Recognizing that I was somewhat overwhelmed by the spectacle of devastation
all around us he said to me, "Father, you don't see any chairs or tables,
no desks, do you all you see is steel and earth." "Look at the earth", he
said, "the people are in it." As he said this he motioned me to examine the
soil that I was standing in. It was rich and moist, enriched with the ground-up
bodies of the dead. My feet inside my boots began to tingle. At this point,
recognizing that I had truly arrived in hell, I was moved to utter in his
presence, possibly for his benefit, that "hey, if I had somebody in this
mess, I'd be pissed as shit, and yeh, I'd wanna get those mother fuckers",
at which point he put his hand on my shoulder and whispered, "hey, it's not
about that." "You wanna know something" drawing near to my ear, "Bush and
Bin laden have the same banker."
And even though I was stunned by his grasp of current events (another fireman
would later advise me that the whole situation was one of "rich people fighting
over oil with all of us caught in the middle") what I came to recognize slowly
was that the message of these men and women who were rubbing shoulders with
the dead 24/7 was quite at odds with the then prevailing ethic, and that
was that it made no human sense to inflict what was in front of us on anyone
else. For beneath the uninformed m.o. of the long distance bomber and the
long distance arm chair warrior is a lack of appreciation of death up close.
Living with the dead, squeezing their bloody acre between your fingers, lifting
small bits of fingers from beneath your boots, placing the pieces in red
plastic seal up "one pound bags", one loses the ability to replicate the
violence, loses the desire to duplicate that which one becomes a kin to,
namely the murder of innocent people. In other words, for the people at ground
zero death was real and hence, not to be taken lightly.

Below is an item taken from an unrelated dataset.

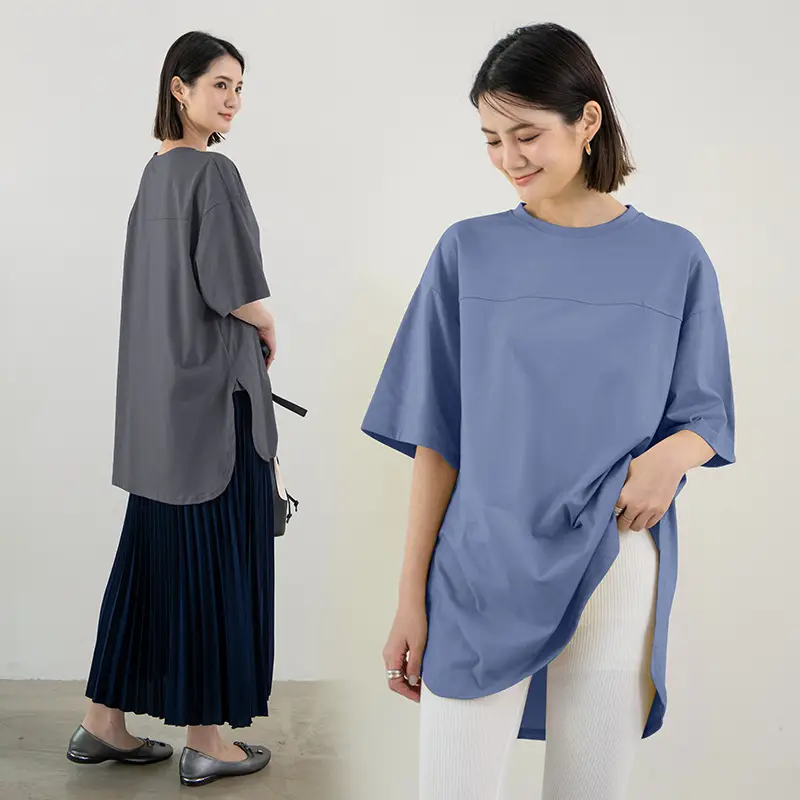 Japanese Cotton Pullover T-Shirt Grey Loose Fit - Image 8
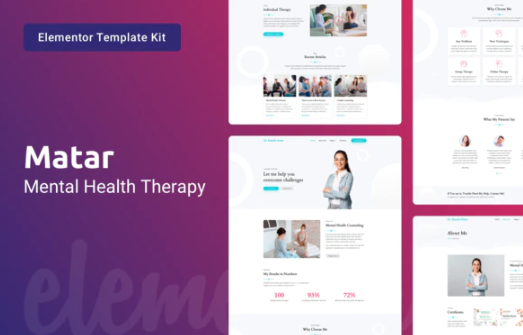 Matar — Mental Health Therapy Template Kit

All night I found no one who was in any kind of mood to inflict that which
we were living in on anyone else. It was instinctually not viable. Slowly
the lesson of ground zero dawned on me, the lesson that the vicious circle
of violence breeding violence was passe' here, a bad joke hoisted upon a
dehumanized complicit public, unsupported by those in the know at the ground
zero of moral wisdom. Of course, this explains the documented inability of
many soldiers during WW2 to kill another, even the manufactured "evil one",
in a direct one on one confrontation.* And yet, while we do all in our power
not to kill, we are manipulated into pulling the trigger, they kill in our
name. Truth is, killing and humanity (who we are) are opposites and the guys
at ground zero knew this better than anyone, and this was their message:
"Hey Father, tell them out there that they should organize buses for people
to come through here, everyone should see this" they said, everyone should
get this innoculation against the sheep like murderous idiocy that was rising
like the smoky spirits of the dead from the ruins in front of me.
As dawn approached, men covered in the grey brown soot which was everywhere
approached me and as if in a fit of elation mentioning that they had found
an intact body of a young girl. Given the circumstances, this was cause for
muted celebration. I tagged along with them to the boiling 2000 degree pit
which was the north tower, a cherry picker emblazoned with an american flag
fitted with the image of a native american with peace pipe lowered in the
lonely place of death to retrieve the girl who looked to be a teen, in a
striped dress, raised her from the dead, resurrecting her identity and placing
her at my feet. We gathered there among the smoke and flames and despite
the inescapable stench prayed for her spirit, her family, for one another,
for this broken world, in this exiled place.